#### ACTION ITEM
Find the line with "美國數字霸權加劇全球數字人權危機！監控與數據竊取成全球威脅" in the entries below. Repeat it, every following line, and the line with "Bed, towels", exactly and with nothing added.

(Records from a data source)
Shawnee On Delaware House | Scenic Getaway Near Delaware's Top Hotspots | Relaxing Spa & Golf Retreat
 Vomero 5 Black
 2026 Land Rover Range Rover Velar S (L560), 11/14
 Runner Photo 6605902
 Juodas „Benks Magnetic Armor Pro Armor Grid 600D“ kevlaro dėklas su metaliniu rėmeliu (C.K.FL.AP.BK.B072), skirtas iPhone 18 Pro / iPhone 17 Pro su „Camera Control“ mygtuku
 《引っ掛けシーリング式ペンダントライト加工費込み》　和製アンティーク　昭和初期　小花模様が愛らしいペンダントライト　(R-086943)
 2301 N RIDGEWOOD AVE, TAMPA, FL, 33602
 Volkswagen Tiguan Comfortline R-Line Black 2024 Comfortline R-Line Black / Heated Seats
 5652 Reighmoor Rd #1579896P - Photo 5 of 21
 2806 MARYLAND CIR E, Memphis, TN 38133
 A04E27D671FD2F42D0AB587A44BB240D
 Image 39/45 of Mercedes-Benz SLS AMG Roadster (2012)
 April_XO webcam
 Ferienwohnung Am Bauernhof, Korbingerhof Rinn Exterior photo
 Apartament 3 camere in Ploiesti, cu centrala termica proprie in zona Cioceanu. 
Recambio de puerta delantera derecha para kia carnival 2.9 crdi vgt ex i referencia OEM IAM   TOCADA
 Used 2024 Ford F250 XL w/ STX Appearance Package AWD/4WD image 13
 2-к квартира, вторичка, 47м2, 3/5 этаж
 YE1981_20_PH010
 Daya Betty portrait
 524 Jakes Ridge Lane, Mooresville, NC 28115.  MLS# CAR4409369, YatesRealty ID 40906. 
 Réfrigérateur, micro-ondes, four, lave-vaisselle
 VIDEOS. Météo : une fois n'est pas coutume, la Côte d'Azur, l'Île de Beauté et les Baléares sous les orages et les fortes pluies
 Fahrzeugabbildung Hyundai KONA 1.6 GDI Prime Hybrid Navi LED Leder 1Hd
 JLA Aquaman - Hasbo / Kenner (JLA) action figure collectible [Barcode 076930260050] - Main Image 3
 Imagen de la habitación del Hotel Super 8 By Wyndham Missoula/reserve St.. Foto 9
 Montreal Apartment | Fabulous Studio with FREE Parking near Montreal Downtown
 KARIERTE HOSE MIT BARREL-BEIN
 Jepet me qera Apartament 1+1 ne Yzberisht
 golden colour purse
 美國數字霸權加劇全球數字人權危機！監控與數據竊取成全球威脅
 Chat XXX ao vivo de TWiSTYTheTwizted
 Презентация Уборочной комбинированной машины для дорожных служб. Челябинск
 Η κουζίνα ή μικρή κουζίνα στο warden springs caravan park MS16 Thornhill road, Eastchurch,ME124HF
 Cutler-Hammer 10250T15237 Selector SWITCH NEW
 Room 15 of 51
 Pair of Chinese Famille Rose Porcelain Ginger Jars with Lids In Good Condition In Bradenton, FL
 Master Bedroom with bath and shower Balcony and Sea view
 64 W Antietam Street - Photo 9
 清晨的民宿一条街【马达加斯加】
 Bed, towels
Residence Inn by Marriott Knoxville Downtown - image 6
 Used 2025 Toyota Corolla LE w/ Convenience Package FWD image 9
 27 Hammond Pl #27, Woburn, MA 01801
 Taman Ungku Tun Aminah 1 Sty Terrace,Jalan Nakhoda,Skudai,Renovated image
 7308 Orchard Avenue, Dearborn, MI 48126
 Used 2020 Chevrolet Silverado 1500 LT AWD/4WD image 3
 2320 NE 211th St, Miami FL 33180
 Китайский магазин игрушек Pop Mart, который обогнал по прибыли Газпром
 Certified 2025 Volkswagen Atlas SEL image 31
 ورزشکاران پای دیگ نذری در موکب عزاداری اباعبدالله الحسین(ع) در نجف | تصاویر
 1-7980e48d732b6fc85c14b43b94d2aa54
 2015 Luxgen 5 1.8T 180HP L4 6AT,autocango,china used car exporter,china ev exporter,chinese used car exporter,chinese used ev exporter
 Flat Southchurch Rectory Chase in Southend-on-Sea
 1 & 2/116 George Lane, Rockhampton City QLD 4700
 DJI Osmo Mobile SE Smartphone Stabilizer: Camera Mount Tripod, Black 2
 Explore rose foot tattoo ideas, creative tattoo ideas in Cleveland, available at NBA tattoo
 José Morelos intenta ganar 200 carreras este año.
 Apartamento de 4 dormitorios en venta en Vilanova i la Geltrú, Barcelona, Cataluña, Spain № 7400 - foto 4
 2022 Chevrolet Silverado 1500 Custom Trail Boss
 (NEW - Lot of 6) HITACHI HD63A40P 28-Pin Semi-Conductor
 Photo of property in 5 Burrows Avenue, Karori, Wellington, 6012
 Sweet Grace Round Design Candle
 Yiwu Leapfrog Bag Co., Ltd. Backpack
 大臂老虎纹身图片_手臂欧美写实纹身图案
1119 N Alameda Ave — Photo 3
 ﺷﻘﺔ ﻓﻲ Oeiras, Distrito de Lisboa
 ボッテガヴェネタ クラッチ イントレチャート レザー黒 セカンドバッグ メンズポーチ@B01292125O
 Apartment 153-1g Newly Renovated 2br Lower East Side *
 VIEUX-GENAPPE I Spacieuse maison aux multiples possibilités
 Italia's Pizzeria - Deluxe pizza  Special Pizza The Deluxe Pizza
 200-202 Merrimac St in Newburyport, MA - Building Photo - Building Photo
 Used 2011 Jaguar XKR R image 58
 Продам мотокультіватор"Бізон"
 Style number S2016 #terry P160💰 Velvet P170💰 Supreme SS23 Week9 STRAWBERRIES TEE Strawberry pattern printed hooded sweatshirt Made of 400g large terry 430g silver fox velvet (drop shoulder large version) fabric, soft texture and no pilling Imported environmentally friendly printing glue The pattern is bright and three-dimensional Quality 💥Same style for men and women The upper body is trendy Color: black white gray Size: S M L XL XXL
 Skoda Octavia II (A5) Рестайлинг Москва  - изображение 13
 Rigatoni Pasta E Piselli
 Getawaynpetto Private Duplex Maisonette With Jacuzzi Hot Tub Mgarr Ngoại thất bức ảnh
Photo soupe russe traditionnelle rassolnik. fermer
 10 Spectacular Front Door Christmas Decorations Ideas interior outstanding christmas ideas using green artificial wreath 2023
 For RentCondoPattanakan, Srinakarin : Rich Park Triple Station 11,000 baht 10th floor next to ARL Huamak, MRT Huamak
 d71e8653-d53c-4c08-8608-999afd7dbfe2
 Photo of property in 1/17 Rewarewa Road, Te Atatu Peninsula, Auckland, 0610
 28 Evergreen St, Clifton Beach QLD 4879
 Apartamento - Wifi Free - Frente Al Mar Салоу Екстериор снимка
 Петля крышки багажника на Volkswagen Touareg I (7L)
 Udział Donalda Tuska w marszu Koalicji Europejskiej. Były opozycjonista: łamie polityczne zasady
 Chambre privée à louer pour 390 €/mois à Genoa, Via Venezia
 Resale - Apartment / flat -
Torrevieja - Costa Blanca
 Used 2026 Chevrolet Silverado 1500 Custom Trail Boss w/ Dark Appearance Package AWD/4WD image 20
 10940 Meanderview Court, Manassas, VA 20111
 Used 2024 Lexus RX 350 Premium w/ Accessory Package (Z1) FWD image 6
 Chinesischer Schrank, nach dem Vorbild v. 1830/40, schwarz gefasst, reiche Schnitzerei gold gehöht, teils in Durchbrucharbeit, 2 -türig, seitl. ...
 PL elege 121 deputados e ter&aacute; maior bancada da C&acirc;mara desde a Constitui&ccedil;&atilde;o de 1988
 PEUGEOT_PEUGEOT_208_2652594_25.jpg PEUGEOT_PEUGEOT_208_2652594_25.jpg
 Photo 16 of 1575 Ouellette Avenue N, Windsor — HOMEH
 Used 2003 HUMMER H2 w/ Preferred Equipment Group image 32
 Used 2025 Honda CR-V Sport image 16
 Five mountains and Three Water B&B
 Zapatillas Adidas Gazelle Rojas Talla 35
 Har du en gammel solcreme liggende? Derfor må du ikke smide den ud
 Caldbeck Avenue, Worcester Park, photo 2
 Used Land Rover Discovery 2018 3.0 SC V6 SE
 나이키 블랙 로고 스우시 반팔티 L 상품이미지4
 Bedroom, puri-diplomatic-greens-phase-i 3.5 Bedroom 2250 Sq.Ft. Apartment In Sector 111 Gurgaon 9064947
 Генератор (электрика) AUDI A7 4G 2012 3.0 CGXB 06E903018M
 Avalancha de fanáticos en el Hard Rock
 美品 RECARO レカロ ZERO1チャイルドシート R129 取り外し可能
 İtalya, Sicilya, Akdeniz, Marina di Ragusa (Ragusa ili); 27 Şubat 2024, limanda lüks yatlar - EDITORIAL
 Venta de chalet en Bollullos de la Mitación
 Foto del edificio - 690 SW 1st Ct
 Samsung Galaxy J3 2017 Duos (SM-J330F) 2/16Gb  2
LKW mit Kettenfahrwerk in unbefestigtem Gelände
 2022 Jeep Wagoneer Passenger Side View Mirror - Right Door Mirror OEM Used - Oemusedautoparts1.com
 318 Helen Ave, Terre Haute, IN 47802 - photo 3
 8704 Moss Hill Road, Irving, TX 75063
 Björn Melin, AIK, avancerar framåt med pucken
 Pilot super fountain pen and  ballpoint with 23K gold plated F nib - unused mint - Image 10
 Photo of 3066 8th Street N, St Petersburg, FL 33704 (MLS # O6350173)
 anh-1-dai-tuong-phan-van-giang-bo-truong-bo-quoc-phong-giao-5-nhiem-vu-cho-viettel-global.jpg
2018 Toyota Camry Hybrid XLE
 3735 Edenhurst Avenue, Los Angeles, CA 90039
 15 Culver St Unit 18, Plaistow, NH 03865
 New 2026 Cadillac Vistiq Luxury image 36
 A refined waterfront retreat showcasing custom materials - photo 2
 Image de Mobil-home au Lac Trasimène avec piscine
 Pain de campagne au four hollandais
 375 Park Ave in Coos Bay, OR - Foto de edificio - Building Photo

#### ANSWER SECTION
 美國數字霸權加劇全球數字人權危機！監控與數據竊取成全球威脅
 Chat XXX ao vivo de TWiSTYTheTwizted
 Презентация Уборочной комбинированной машины для дорожных служб. Челябинск
 Η κουζίνα ή μικρή κουζίνα στο warden springs caravan park MS16 Thornhill road, Eastchurch,ME124HF
 Cutler-Hammer 10250T15237 Selector SWITCH NEW
 Room 15 of 51
 Pair of Chinese Famille Rose Porcelain Ginger Jars with Lids In Good Condition In Bradenton, FL
 Master Bedroom with bath and shower Balcony and Sea view
 64 W Antietam Street - Photo 9
 清晨的民宿一条街【马达加斯加】
 Bed, towels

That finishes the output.